• **Material shown**:
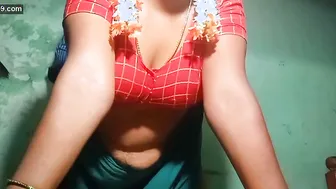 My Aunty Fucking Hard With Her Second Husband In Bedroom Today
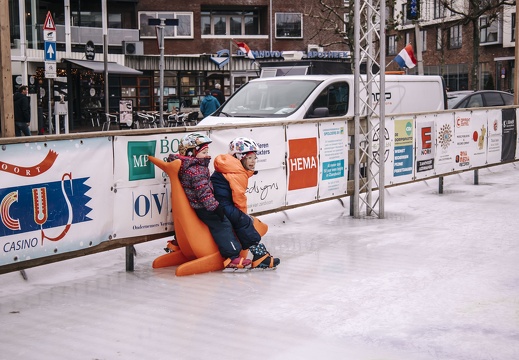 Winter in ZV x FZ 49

--

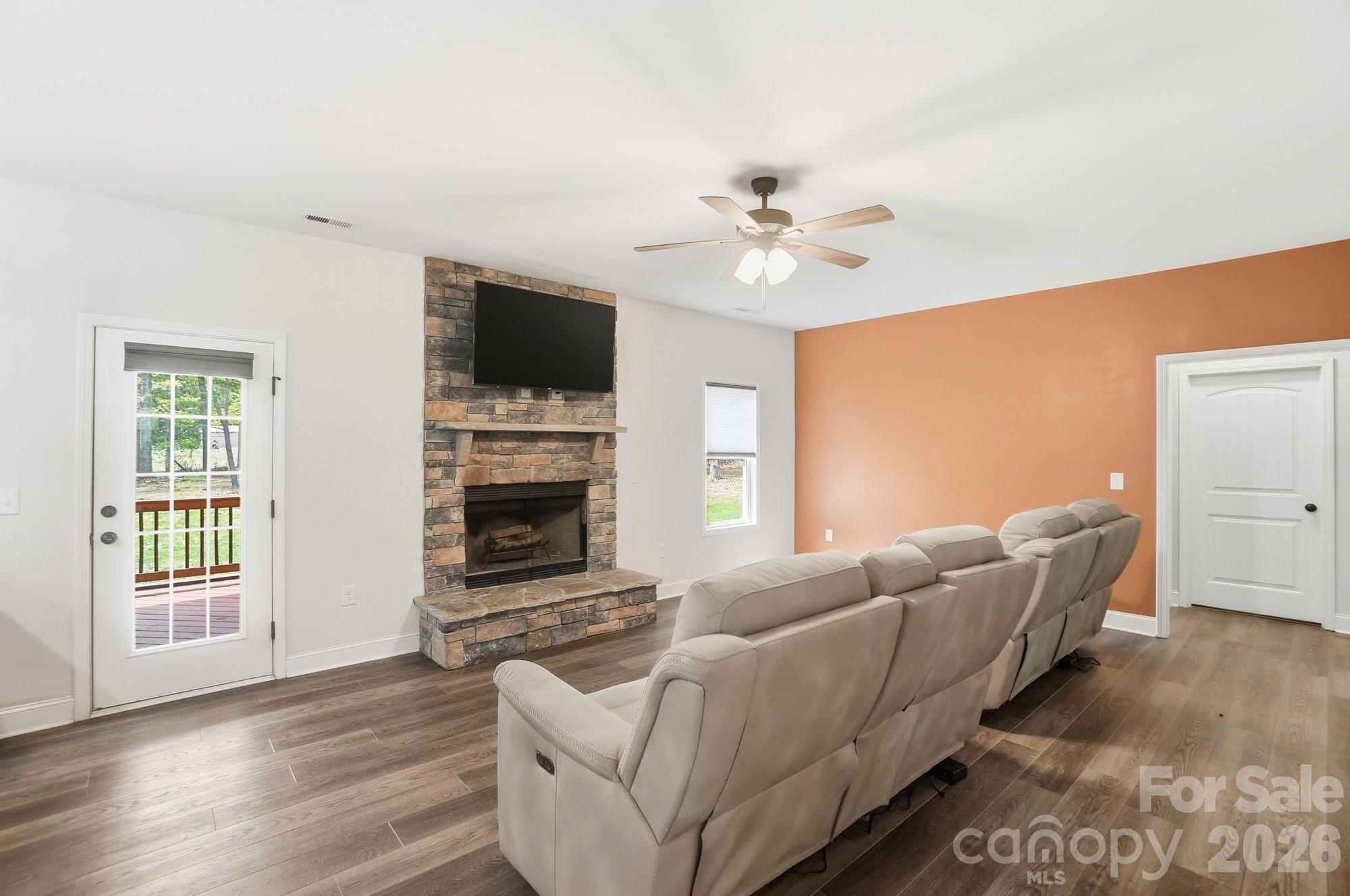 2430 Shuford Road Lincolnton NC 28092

...

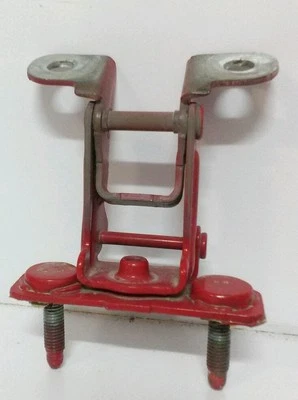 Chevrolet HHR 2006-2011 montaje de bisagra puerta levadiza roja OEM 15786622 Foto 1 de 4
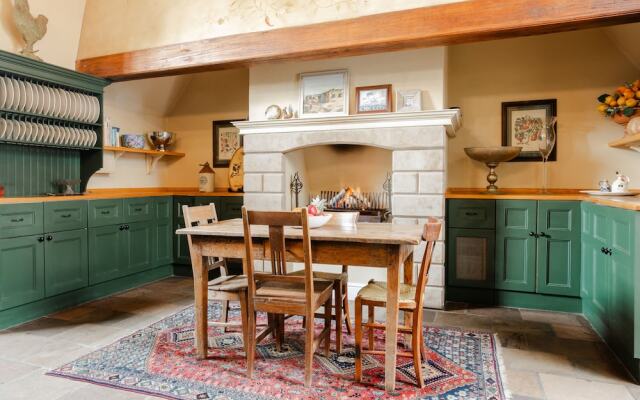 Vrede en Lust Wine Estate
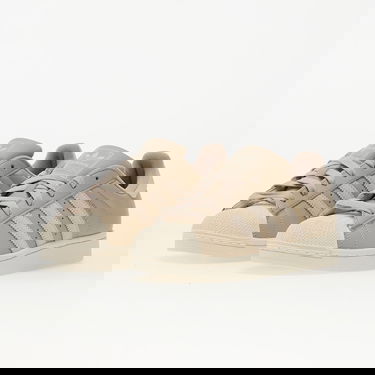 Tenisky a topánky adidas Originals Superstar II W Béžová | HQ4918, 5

• **Directions for this task**:
Exercise for the records above: copy only the lines from the one with "Chevrolet HHR 2006-2011" to the one with "Tenisky a topánky", both ends kept, and drop the pictures.

• **Completed exercise**:
 Chevrolet HHR 2006-2011 montaje de bisagra puerta levadiza roja OEM 15786622 Foto 1 de 4
 Vrede en Lust Wine Estate
 Tenisky a topánky adidas Originals Superstar II W Béžová | HQ4918, 5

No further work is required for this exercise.